NM: As a high school teacher I’ve always wondered what David Foster Wallace “the teacher” was like. There’s a craft to teaching of which a considerable component is performance—I know I become a different person in front of a group of high school students. You saw him teach and I couldn’t help but be drawn to your descriptions of him doing so: “He paces around the classroom. Happy, energetic. At one point, thinking, he even drops into a quick knee bend. Class laughs; they really like him.” “His delivery is darting and graceful: the Astaire quality of good teaching.” I know students can almost instinctually recognise a quality teacher—you appeared caught up in his teaching too—what was his hook?
DL: He thought part of the hook—in the old Mr. Kotter style—was television. David keeps comparing things to TV and movies, which he then kind of smiles about. “The culture has a whole weird, complicated relation to its pop self. Because I know that, like, when I make that Gilligan reference in class, everybody laughs. And there’s a jagged edge to it.

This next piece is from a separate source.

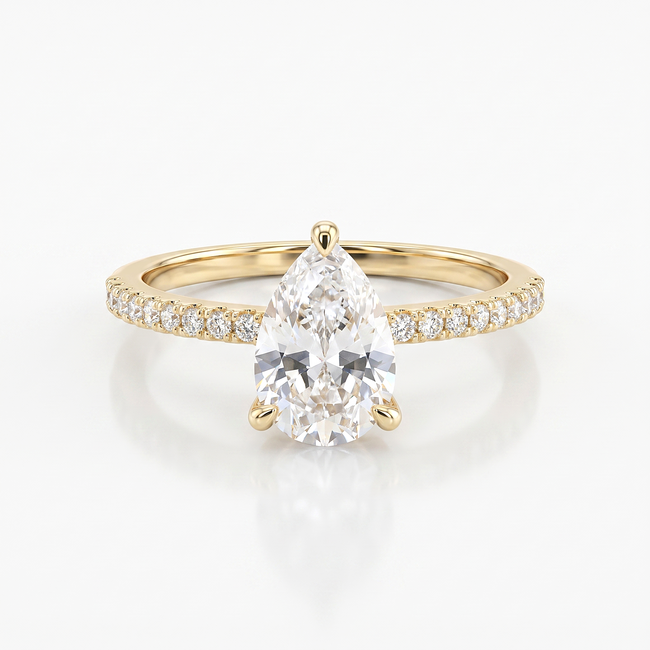 Gouden solitair ring met peervormige Swarovski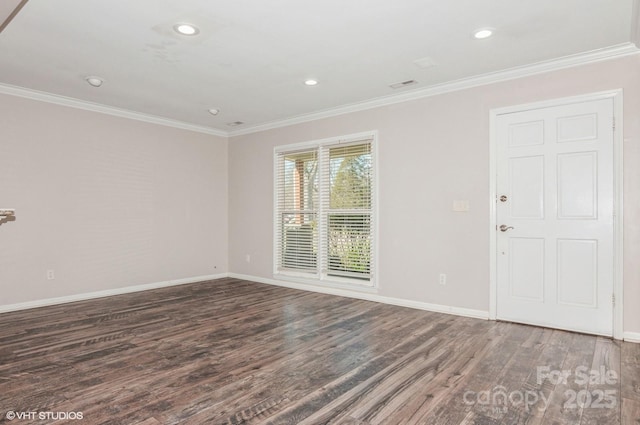 unfurnished room featuring dark wood-type flooring, crown molding, and baseboards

Because everybody’s a little uncomfortable with how familiar it is.”
I think they could tell he would do whatever he had to do to make them smarter; the books are like that too—they go to any lengths—and he was doing that for them live. (His mom told me—she’s a grammar whiz—if he had a student in his office, and was stumped on a technical point of grammar, he’d phone her up. “You could hear the student sort of laughing in the background. ‘Here’s David Foster Wallace calling his mother.’”) He was really there, not running on automatic, which I think the students can also sense. And then he was full of practical advice. He told them to be wary of the campus romance subject: “The great dread of creative writing professors: ‘Their eyes met over the keg…’” And exceptionally clear: There are a lot of jobs writing has to do, “But the job of the first eight pages is not to have the reader want to throw the book at the wall, during the first eight pages.” His teaching was like everything else: which is, don’t let things become automatic, be alive, connect.